(DATASET ENTRIES begins)

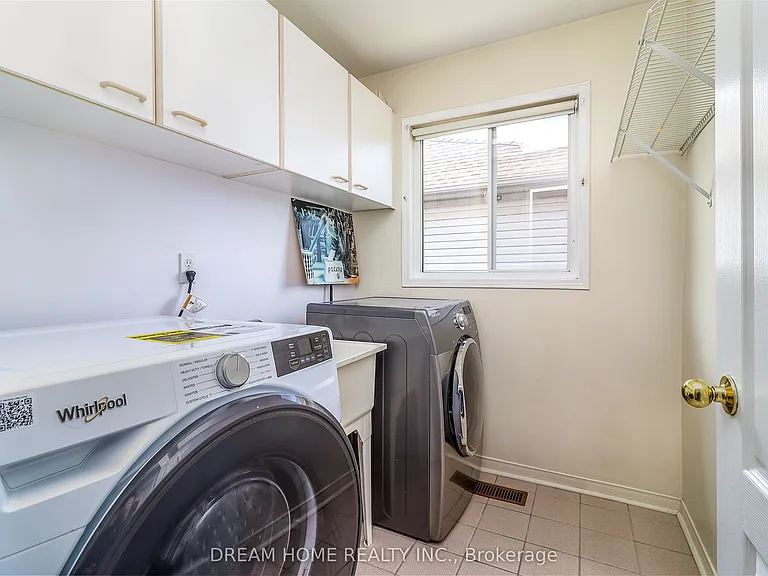 2832 Galleon Cres — Photo 20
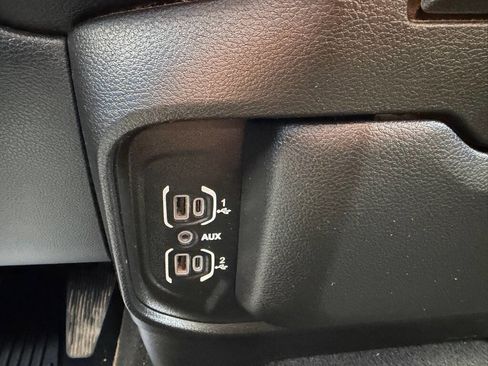 Used 2021 RAM 3500 Big Horn w/ Level 1 Equipment Group AWD/4WD image 31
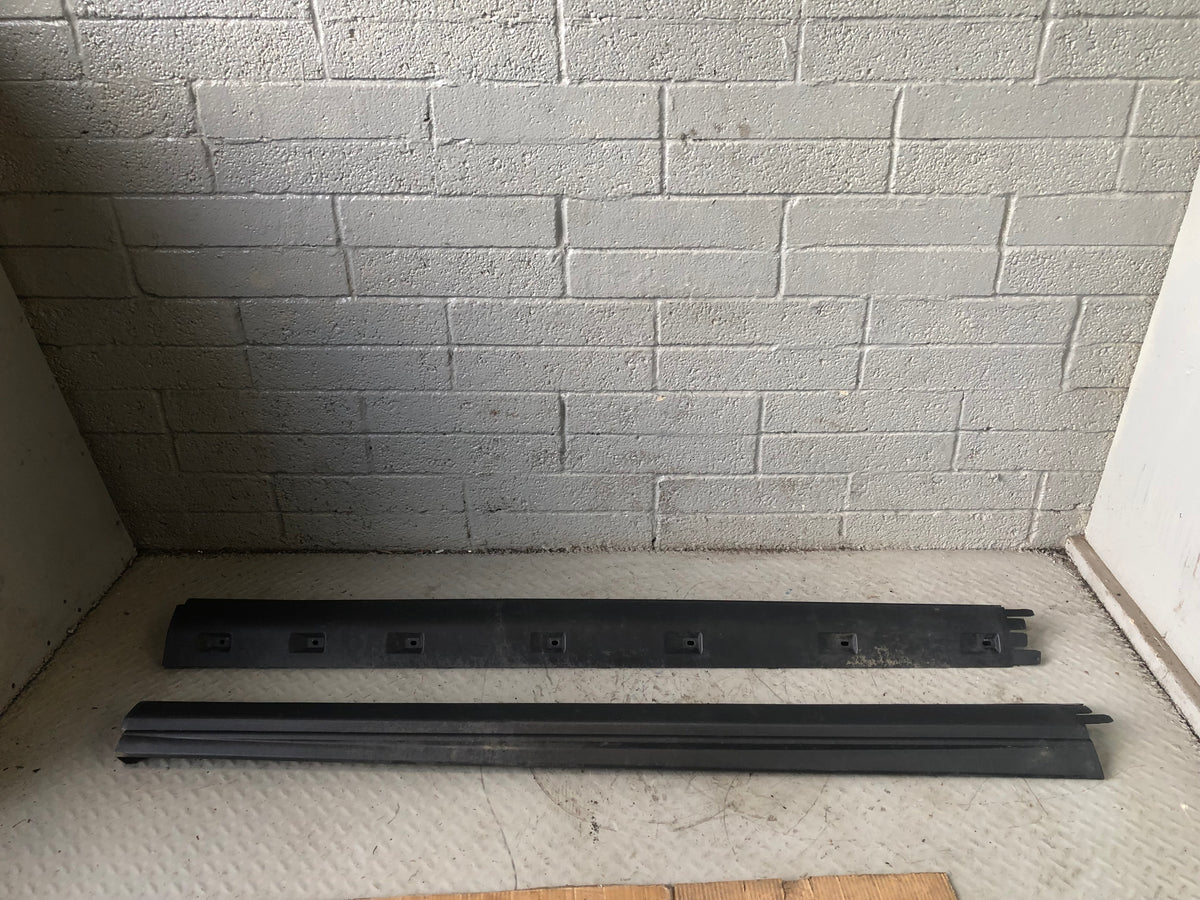 Discovery 3 or 4 Sill Trim Cover Protector Pair Land Rover 2004 to 2014 D03086
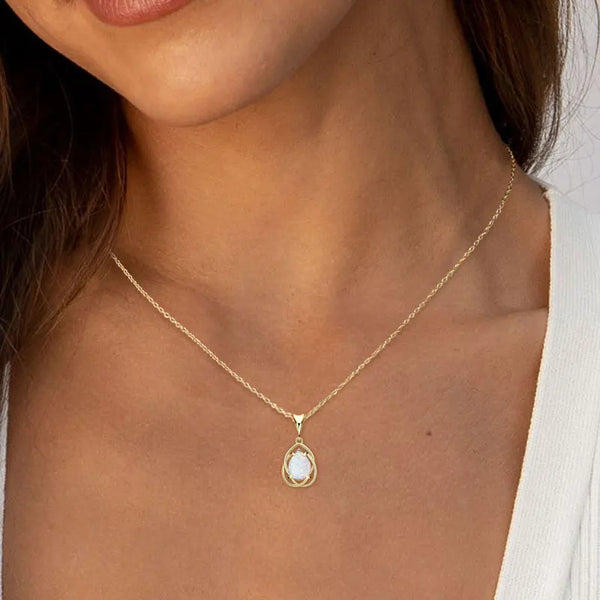 Collier en opale lumineuse en forme de larme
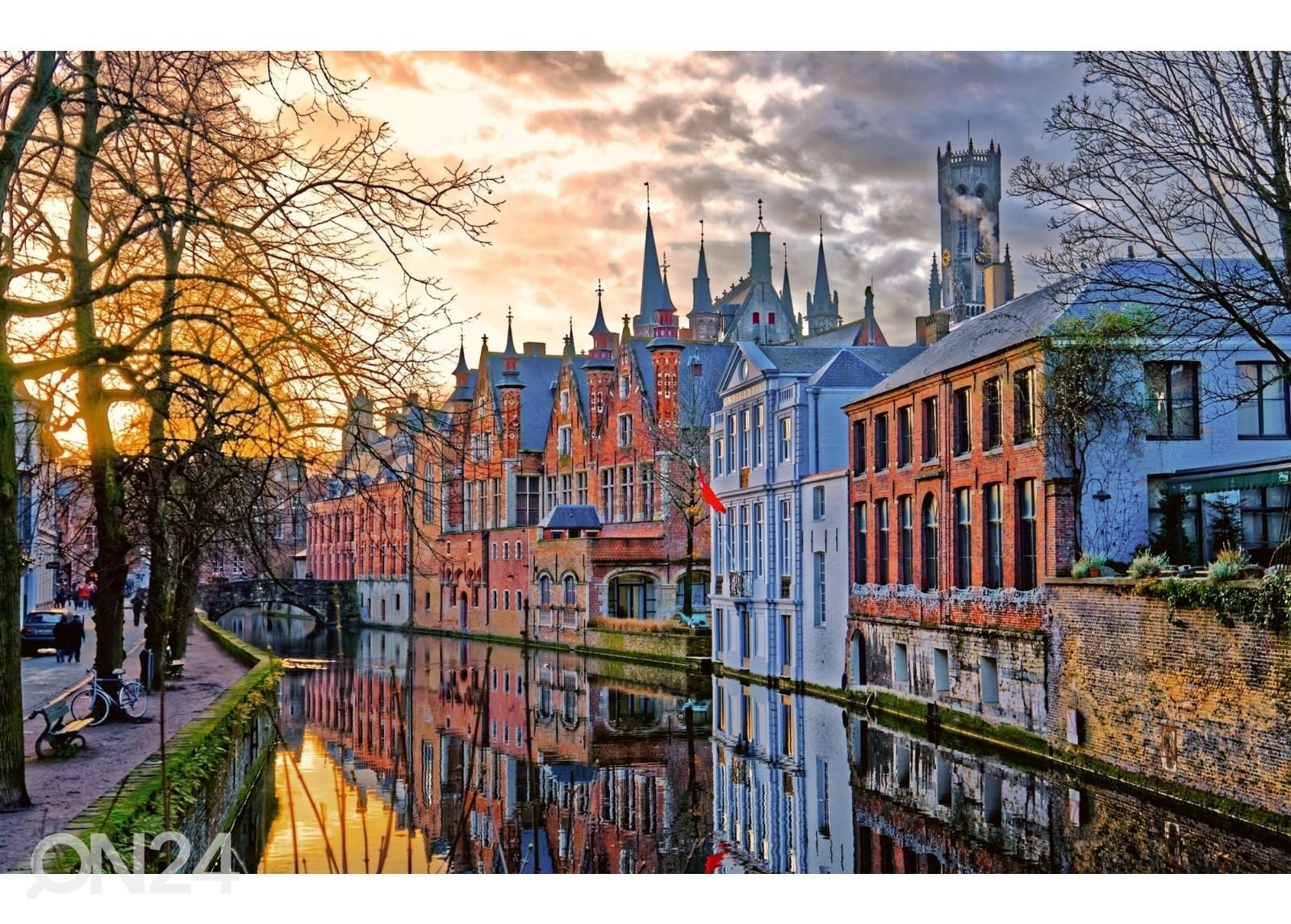 Itsekiinnityvä kuvatapetti Canals Of Bruges  kuvasuurennos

(DATASET ENTRIES ends)

PROBLEM TO WORK ON
Make an exact copy of the records above. Keep out every picture.

PROBLEM SOLUTION
 2832 Galleon Cres — Photo 20
 Used 2021 RAM 3500 Big Horn w/ Level 1 Equipment Group AWD/4WD image 31
 Discovery 3 or 4 Sill Trim Cover Protector Pair Land Rover 2004 to 2014 D03086
 Collier en opale lumineuse en forme de larme
 Itsekiinnityvä kuvatapetti Canals Of Bruges  kuvasuurennos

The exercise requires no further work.